It goes without saying that 2020 has been rough for Latin America, with many countries beginning the year with sluggish growth rates, only for the Covid-19 pandemic to hammer the region’s economies hard. Yet the “new normal” of remote working and the relative underdevelopment that made Latin America so vulnerable to the pandemic could present opportunities to the region as it looks to bounce back in 2021.
Many developments can be anticipated in the region as Latin America seeks a way back from the economic turmoil of 2020. Two that are worth considering are the coming boom in outsourcing, and the adoption of “cybersecurity mesh.”
However, before looking at what they may mean for the region in 2021, it is worth considering the situation facing Latin America as it enters the new year.
A Tough Year for Latin America
Throughout much of the region, the gross domestic product (GDP) growth rate was on a downward trajectory at the beginning of 2020. Only Colombia, Guatemala, and Guyana entered the year on a significantly positive trend towards higher growth among mainland Latin American countries.
The previous years had seen many countries display some of the lowest levels of growth in the past two decades, save during the global economic crisis of 2009. In the case of Brazil, recent years saw growth actually sink much lower than during that tumultuous moment.
While growth was expected to recover in 2020, much of the region was already feeling a financial pinch when the novel coronavirus appeared and drove a wrecking ball through the global economy.
By late-May, the region had been declared the new epicenter of the Covid-19 pandemic by the World Health Organization (WHO), and predictions were bleak about the region’s recovery prospects.
That has since changed, with analysts cautiously predicting the region to rebound in the coming year, as the first vaccines begin to be distributed elsewhere in the world and some Latin American countries prepare to distribute the vaccine in the first three months of 2021. In every country in the region apart from Venezuela, moderate to strong growth is expected in 2021.
A Coming Outsourcing Boom
While the trend for increased outsourcing to Latin America was already well in march before the pandemic, the “new normal” of increased homeworking is only likely to see that trend multiply. Many companies have already declared their intention to continue with increased homeworking deep into 2021, and even beyond the pandemic.
As businesses adapt to a professional landscape in which maintaining a team in an office-based environment is increasingly unnecessary, they are also going to realise the cost-benefits of greater outsourcing.
Coming on top of an increased trend for “Nearshoring,” whereby companies in the United States and Canada shift their overseas operations closer to home, many of the countries in Latin America that were already seeing the benefits of the outsourcing trend can expect to see a boom.
Call center outsourcing to Latin America has already seen considerable growth in recent years and should be expected to ramp up, especially as the region’s English proficiency continues to improve.

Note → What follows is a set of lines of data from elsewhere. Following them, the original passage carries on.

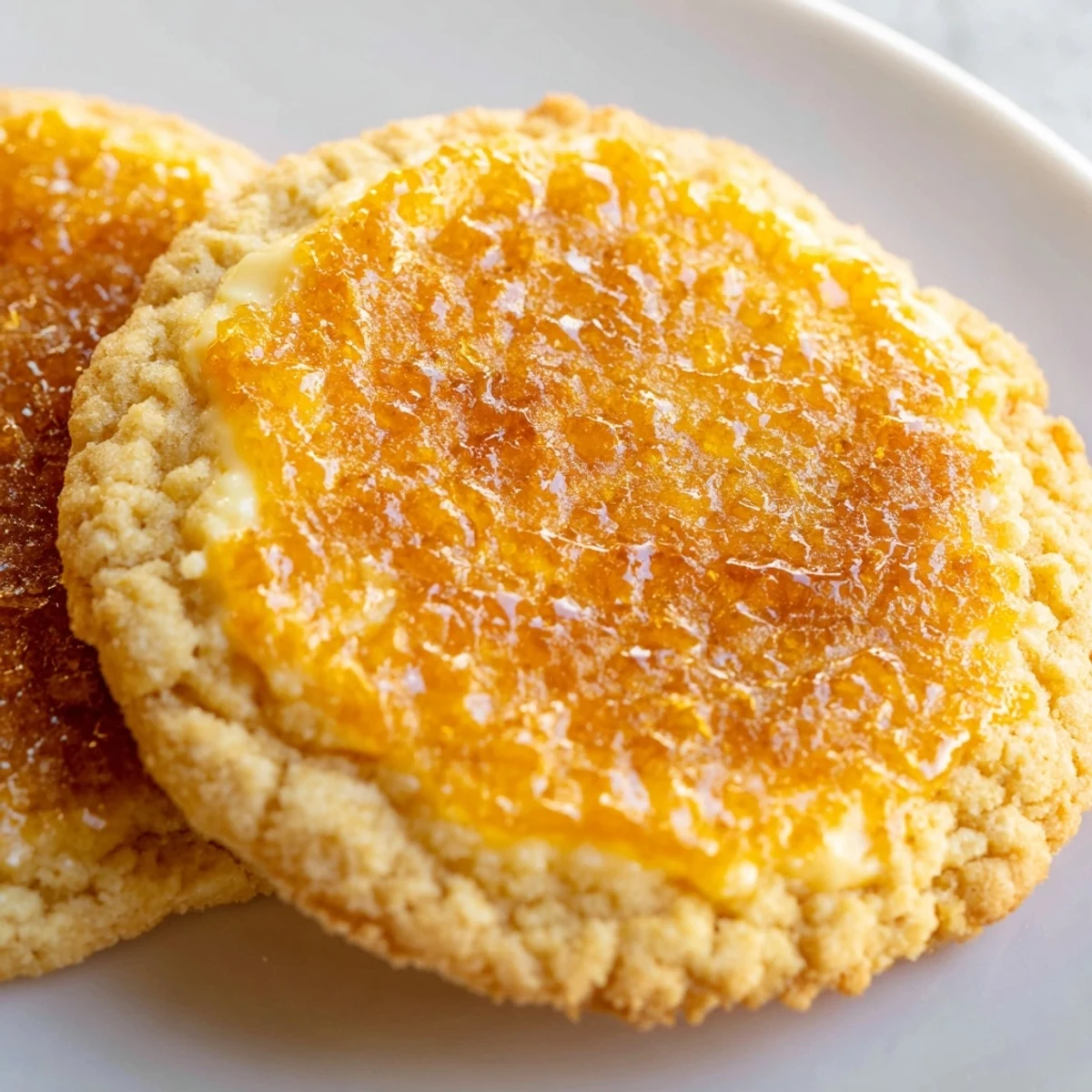 Golden caramelized sugar tops soft baked creme brulee cookies with creamy vanilla centers
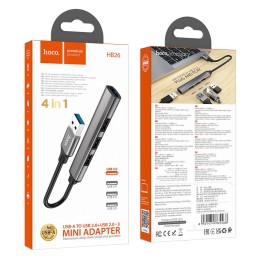 Адаптер HUB 4 в 1 (USB 3.0+USB 2.0 x 3) USB-A Hoco HB26 сірий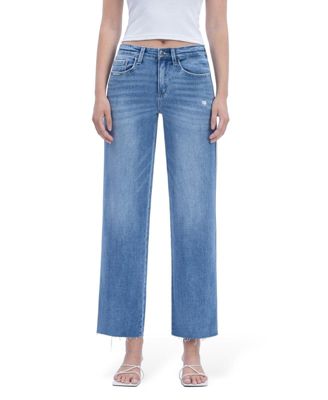 Women's High Rise Raw Hem Slim Wide Leg Jeans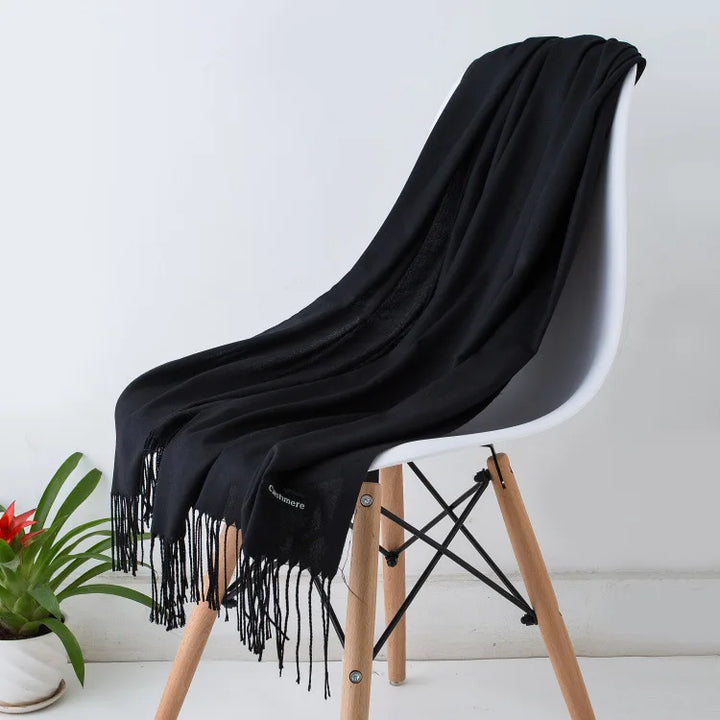 Warm Cozy Women Scarf - Long Fringe, Cashmere, Winter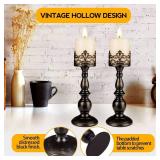 Candle Holders for Pillar Candles Gothic Matte Black Vintage Tall Candle Holders Set of 2 Decorative Large Table Centerpieces Candle Stand Decor (Distressed Black 2PCS A)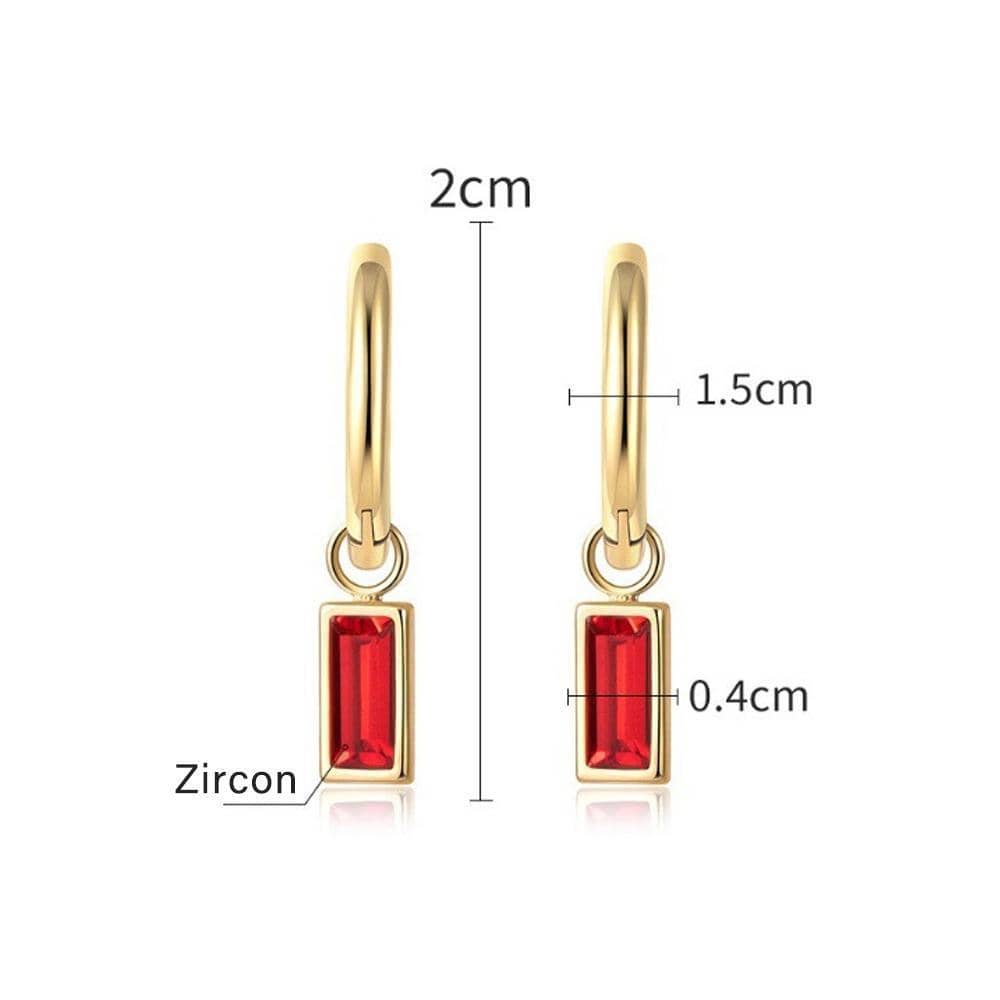 Gold Zircon Drop Earrings - Green Rectangle Stone - view 5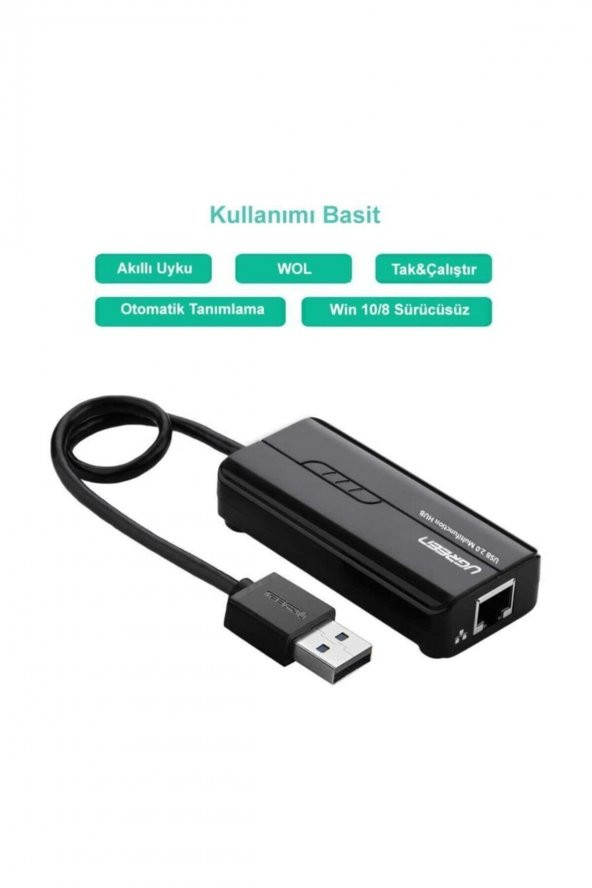 Ugreen Usb Ethernet Rj45 Dönüştürücü Ve Usb Çoklayıcı - 4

But it is in software development and other tech-related industries where the greater uptick should be expected.
Among the many benefits of outsourcing tech jobs to Latin America, beyond the obvious lower labour costs, are the ready supply of educated workers, increasingly impressive infrastructure, high employee retention rates, and — in the case of US or Canadian companies outsourcing southwards – the similar time zones allowing for easier collaboration than alternative outsourcing destinations such as Asia.
Cybersecurity Mesh
Cybersecurity mesh refers to a shift towards a more “horizontal” node-based approach to cybersecurity, as opposed to the traditional “bottom-down” system that has dominated IT over the past three decades.
Put another way, that means pivoting away from relying on perimeters and firewalls built around entire networks, within which users generally have broad access. Instead, cybersecurity mesh sees a series of smaller perimeters constructed around nodes within networks.
The effect is to significantly increase protection levels across the network by maintaining the integrity of the rest of the nodes in the event one is compromised, as well as providing greater scope for limiting user access to the broader network.
Such innovation has emerged and come to take on prominence in the context of the growing importance of the Internet of Things (IoT) – whereby increasing numbers of objects are fitted with technology that allows them to be communicated with and controlled over the internet.
At the same time, Latin America has seen a major increase in internet access over recent years, which has spiked during the pandemic and is only going to increase amid inclusive government policy and efforts among interested stakeholders to provide internet access to harder to reach populations in the region.
The region has also seen considerable technological innovation, with financial technology (fintech) evolving rapidly, and the related regulation technology (regtech) showing promising developments.
With cybersecurity firm Kaspersky highlighting a number of vulnerabilities in the region that are likely to draw increasing cyber attacks in 2021 – including the shift towards remote working and growing popularity of mobile-based payment apps – the coming greater demand for online security can be met with the newest approaches, namely cybersecurity mesh.
Nothing can diminish the unthinkable social and economic distress that the Covid-19 pandemic has caused Latin America. But as it looks to the future, the coming outsourcing boom promises to contribute significantly to its economic recovery, while the region has an opportunity to implement state-of-the-art cybersecurity approaches just as internet usage takes a big leap.